The reply should hold only the lines from the one with "Amora Dog Natvoer Vlees Puur Eend 800 g" to the one with "istock Shoes on the floor 472884882", both ends kept, exactly as they appear below, without any pictures.

** Material for the task follows **

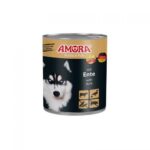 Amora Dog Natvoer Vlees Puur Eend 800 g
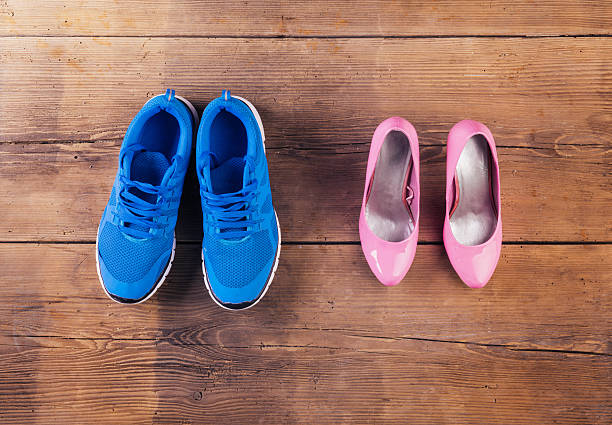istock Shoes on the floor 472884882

** End of Material for the task **
** Material for the task follows **

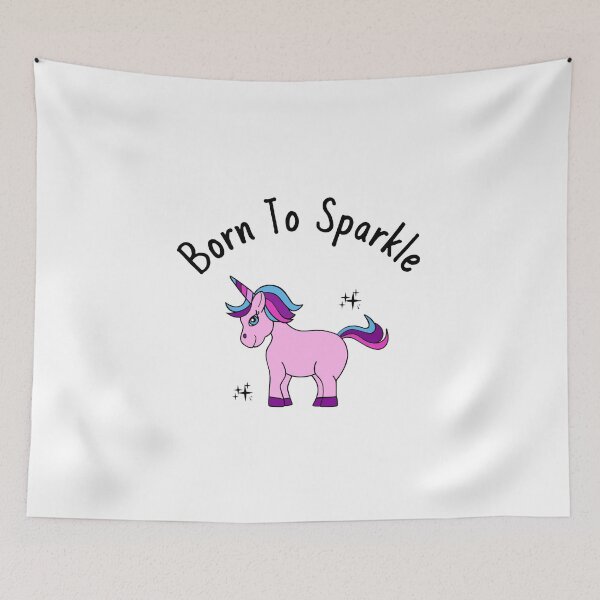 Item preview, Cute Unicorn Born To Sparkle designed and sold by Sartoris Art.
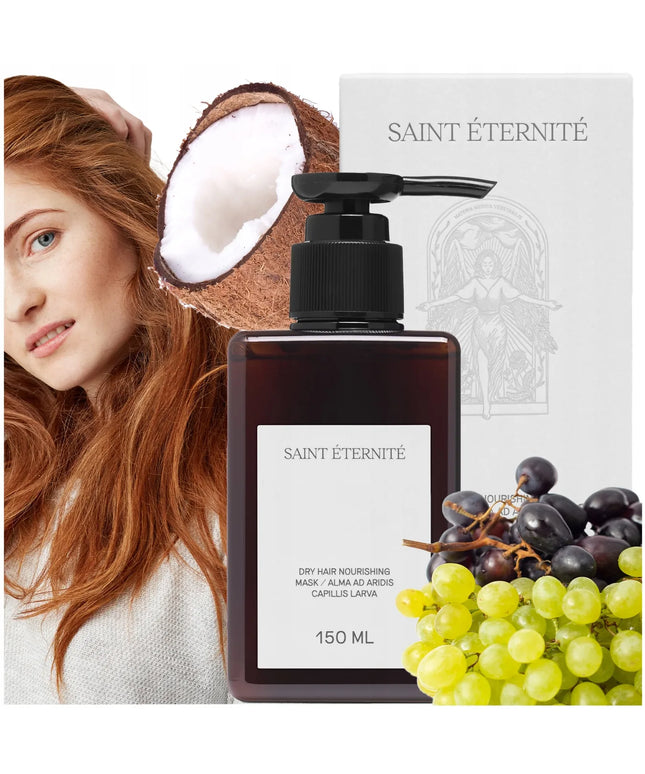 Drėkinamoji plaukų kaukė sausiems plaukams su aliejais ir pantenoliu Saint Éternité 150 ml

** End of Material for the task **
** Material for the task follows **

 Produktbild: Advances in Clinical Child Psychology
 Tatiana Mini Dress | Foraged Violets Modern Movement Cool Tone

** End of Material for the task **

**Solution:**
 Amora Dog Natvoer Vlees Puur Eend 800 g
istock Shoes on the floor 472884882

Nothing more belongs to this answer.